**WHAT YOU ARE ASKED TO DO**
Everything from the "AUGUSTO CFTV VENDAS E ESTALACÃO" line to the final line of the listing should be written out exactly. Skip the pictures.

**MATERIAL PROVIDED**
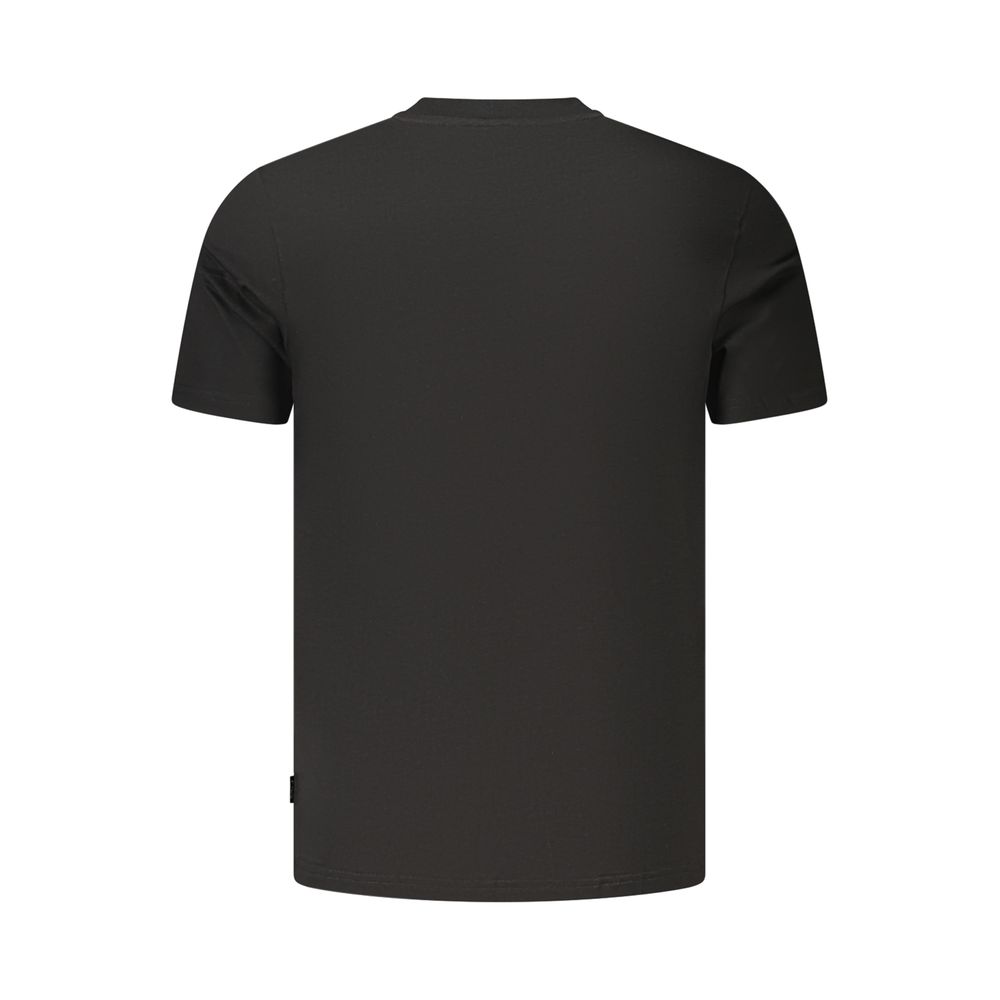 Black Cotton Men's T-Shirt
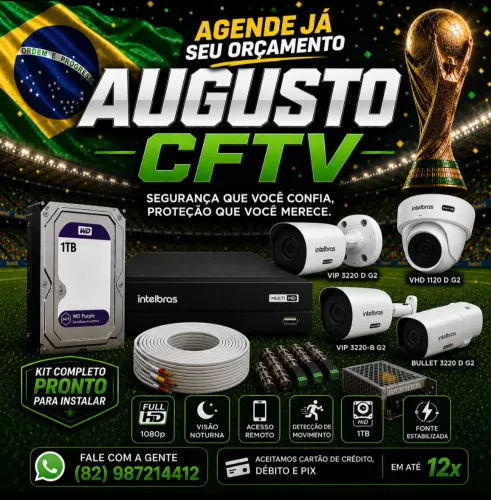 AUGUSTO CFTV VENDAS E ESTALACÃO 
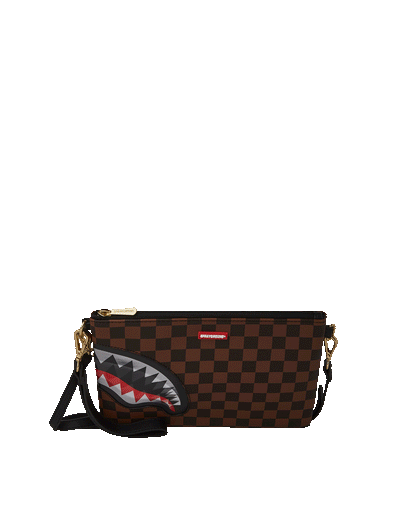 SPRAYGROUND® POUCHETTE LENTICULAR EFFECTS CROSSOVER CLUTCH W/ SHOULDER STRAP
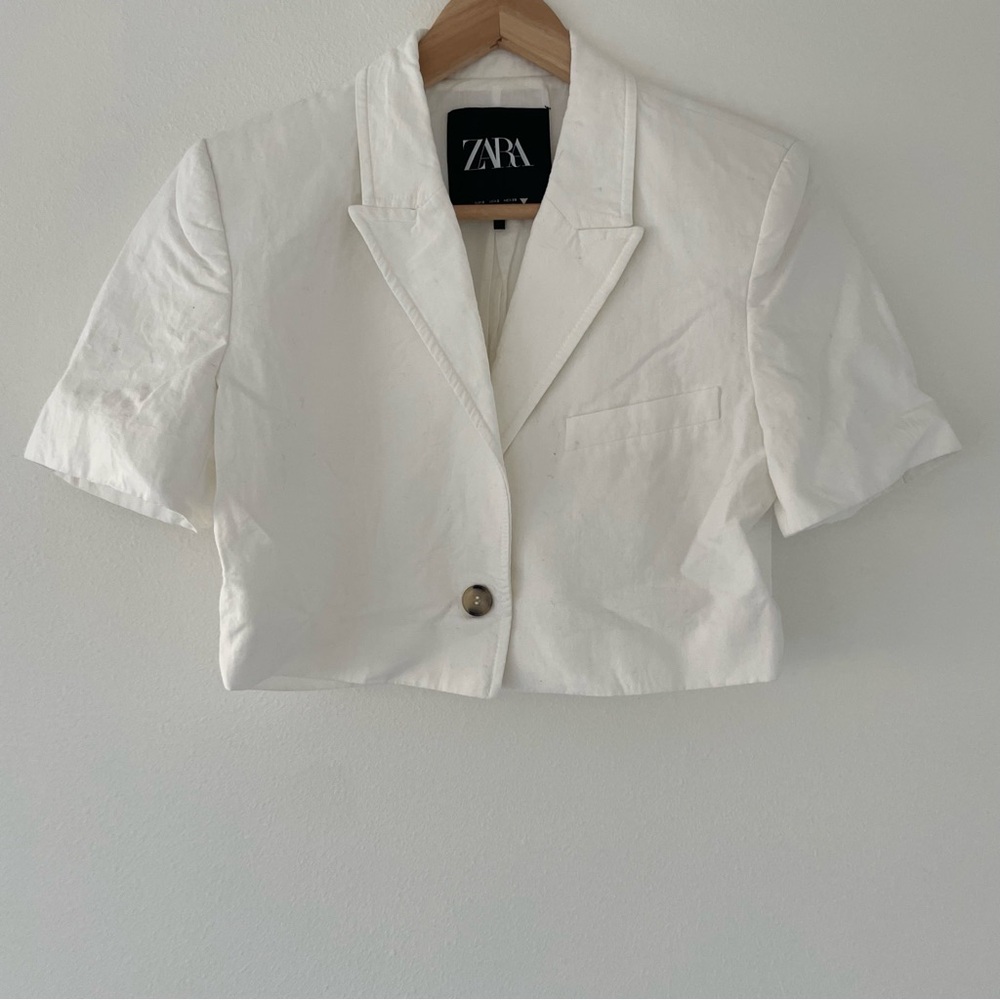 Zara Cropped Blazer Top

**YOUR SOLUTION**
 AUGUSTO CFTV VENDAS E ESTALACÃO 
 SPRAYGROUND® POUCHETTE LENTICULAR EFFECTS CROSSOVER CLUTCH W/ SHOULDER STRAP
 Zara Cropped Blazer Top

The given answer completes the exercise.